Film projector technology

And not just because of its aesthetics. Technology may be changing too fast to accommodate average frame rates. 

A brief rundown. In the days before sound, film projectors didn't necessarily run at 24 fps as a standard. In some cases, early projectors were hand-cranked, leaving the actual frame-rate in the able hands of the projectionist. Silent films were usually filmed at about 16 fps and then projected at about 20, making for that "sped-up" look a viewer might see in older movies. It wasn't until the invention of synchronized sound that a standard needed to be set. 24 frames was the lowest number a studio could get away with and still retain a reasonably realistic illusion of movement.

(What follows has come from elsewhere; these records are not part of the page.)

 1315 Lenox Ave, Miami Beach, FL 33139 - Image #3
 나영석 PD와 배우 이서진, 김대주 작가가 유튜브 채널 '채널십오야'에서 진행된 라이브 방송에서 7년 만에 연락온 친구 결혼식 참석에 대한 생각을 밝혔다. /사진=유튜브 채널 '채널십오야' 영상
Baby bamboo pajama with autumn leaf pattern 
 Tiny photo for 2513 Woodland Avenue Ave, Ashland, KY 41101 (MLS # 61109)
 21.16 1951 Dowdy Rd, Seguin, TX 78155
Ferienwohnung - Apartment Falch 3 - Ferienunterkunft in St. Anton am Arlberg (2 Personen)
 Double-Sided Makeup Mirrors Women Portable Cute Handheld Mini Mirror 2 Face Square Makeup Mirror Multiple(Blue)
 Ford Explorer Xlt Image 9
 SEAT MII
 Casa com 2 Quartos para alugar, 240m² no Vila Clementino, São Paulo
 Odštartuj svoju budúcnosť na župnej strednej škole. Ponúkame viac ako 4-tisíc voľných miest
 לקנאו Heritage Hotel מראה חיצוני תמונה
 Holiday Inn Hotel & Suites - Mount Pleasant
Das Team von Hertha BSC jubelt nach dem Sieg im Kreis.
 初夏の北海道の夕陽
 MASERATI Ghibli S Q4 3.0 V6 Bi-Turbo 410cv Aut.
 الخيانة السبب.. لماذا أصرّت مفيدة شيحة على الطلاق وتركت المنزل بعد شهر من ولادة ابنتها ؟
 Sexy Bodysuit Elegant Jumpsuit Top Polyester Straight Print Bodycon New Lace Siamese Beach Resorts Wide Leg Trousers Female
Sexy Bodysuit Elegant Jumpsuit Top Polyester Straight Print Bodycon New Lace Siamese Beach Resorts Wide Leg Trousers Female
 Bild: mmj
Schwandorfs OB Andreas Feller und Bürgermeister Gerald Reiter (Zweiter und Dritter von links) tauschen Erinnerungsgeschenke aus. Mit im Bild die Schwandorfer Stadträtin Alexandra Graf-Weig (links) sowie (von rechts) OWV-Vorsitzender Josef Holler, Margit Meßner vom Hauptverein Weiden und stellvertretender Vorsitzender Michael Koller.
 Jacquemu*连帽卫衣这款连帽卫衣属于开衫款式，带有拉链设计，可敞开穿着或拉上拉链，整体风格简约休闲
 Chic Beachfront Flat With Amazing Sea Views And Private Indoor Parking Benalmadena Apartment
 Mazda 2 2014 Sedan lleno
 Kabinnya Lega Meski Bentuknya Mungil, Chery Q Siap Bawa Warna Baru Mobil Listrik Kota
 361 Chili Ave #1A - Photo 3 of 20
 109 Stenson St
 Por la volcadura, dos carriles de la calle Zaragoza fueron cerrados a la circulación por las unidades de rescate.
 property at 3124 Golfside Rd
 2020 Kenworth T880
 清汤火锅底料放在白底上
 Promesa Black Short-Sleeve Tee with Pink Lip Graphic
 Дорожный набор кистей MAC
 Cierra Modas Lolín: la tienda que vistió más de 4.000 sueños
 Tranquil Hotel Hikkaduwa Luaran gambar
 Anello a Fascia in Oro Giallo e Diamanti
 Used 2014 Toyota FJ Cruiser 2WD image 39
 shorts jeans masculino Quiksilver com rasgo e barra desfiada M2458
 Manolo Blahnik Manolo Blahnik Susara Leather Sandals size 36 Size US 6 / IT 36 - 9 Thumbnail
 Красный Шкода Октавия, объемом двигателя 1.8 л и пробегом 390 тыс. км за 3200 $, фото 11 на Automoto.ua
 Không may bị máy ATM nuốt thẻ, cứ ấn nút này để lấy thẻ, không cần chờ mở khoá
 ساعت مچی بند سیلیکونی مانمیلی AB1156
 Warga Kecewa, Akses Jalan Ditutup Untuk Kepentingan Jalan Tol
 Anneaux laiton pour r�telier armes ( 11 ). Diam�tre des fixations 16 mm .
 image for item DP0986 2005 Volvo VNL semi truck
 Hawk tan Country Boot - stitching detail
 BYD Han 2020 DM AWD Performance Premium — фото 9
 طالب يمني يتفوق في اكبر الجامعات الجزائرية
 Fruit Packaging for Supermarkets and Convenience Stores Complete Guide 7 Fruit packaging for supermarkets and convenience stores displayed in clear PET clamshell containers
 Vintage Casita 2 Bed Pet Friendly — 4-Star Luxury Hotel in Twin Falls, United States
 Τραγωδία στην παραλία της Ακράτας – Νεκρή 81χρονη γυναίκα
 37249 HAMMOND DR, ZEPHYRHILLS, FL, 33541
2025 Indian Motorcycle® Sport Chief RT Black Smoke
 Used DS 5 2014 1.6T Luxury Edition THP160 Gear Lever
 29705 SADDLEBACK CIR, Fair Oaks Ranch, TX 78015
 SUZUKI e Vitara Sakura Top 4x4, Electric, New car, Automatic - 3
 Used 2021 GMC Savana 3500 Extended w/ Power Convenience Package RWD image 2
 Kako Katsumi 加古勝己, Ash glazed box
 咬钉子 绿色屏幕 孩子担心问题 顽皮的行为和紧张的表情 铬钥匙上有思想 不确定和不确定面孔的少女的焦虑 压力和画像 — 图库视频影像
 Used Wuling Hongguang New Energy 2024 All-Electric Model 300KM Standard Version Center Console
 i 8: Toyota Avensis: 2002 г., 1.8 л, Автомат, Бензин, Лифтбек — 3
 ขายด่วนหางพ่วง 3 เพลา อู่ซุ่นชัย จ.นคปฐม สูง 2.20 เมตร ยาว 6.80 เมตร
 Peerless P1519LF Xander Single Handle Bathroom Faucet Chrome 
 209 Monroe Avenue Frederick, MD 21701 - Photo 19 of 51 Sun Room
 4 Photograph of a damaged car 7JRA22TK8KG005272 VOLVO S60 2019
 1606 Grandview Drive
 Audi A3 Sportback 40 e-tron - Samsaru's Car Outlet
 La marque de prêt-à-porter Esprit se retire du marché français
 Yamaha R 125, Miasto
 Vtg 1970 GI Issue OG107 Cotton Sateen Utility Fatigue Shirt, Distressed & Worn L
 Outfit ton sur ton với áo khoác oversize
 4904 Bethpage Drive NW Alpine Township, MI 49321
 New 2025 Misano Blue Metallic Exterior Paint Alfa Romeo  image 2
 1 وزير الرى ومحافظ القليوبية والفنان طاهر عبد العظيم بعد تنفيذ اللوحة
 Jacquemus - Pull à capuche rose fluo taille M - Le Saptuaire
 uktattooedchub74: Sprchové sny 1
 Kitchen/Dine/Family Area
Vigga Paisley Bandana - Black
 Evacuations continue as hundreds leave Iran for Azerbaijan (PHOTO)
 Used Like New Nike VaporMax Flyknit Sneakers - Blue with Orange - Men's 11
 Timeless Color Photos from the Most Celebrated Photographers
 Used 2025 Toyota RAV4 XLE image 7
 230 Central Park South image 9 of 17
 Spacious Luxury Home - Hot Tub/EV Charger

The standard modern audiences are used to was pioneered for reasons of thrift. 

With the advent of video cassettes and, later, digital cameras, filming in different frame rates became more common. News broadcasts filmed in 36 fps, for instance. In so doing, audiences became trained to see that look as TV-related. As video games advanced, so too did digital frame rate alterations, and most modern games are now presented with 60 fps. When a film came along that also tried 60 fps, however, audiences complained that they looked too much like games.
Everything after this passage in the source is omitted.